IMU (Inertial Measurement Unit) is an electronic device that combines accelerometers, gyroscopes, and sometimes magnetometers to measure linear acceleration, angular velocity, and orientation of a moving object. IMUs are critical in navigation and control systems where GPS or other external references may be unavailable or unreliable, such as drones, autonomous vehicles, spacecraft, robotics, and IoT devices. They allow systems to track motion and estimate position through dead reckoning.
Technically, an IMU integrates multiple sensors into a single module. Accelerometers measure acceleration along three orthogonal axes, gyroscopes detect rotational motion around those axes, and magnetometers provide heading relative to the Earth’s magnetic field. Sensor outputs are fused using algorithms such as Kalman filters to estimate orientation, velocity, and position. High-performance IMUs may include gyroscopes with low bias drift and accelerometers with low noise floors for precise navigation.

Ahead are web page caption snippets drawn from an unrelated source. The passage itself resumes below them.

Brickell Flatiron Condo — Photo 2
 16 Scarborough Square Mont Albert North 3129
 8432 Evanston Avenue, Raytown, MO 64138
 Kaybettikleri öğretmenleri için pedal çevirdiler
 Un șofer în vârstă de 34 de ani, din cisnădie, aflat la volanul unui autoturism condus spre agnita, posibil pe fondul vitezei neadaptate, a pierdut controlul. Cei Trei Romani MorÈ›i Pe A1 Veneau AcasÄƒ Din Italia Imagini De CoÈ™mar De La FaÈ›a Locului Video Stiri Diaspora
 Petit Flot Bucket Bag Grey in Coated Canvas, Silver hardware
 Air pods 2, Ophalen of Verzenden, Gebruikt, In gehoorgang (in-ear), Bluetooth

Key characteristics of IMUs include:
- Multi-axis sensing: captures motion in three dimensions for comprehensive navigation.
- Sensor fusion: combines accelerometer, gyroscope, and magnetometer data for accurate orientation and motion estimation.
- Drift and bias management: requires calibration and filtering to reduce cumulative errors over time.
- High sampling rates: supports fast and dynamic movement tracking.
- Compact and robust: designed for embedded applications in drones, vehicles, and mobile devices.
In practical workflows, IMUs are used in autonomous drones to maintain stable flight when GPS signals are weak or blocked. For example, a drone may use the IMU to detect pitch, roll, and yaw changes, feeding this data into the flight controller to adjust motor outputs in real time. In robotics, IMUs help track movement through indoor environments, supplementing visual or lidar-based navigation. In IoT devices, they can monitor vibration, motion, or orientation for analytics and control.
Conceptually, an IMU is like the inner ear of a machine: it senses every tilt, turn, and acceleration, providing the system with a sense of balance and spatial awareness even when external cues are absent.
Intuition anchor: IMUs act as the proprioception of devices, enabling accurate navigation, motion tracking, and orientation in environments where external references are limited or unavailable.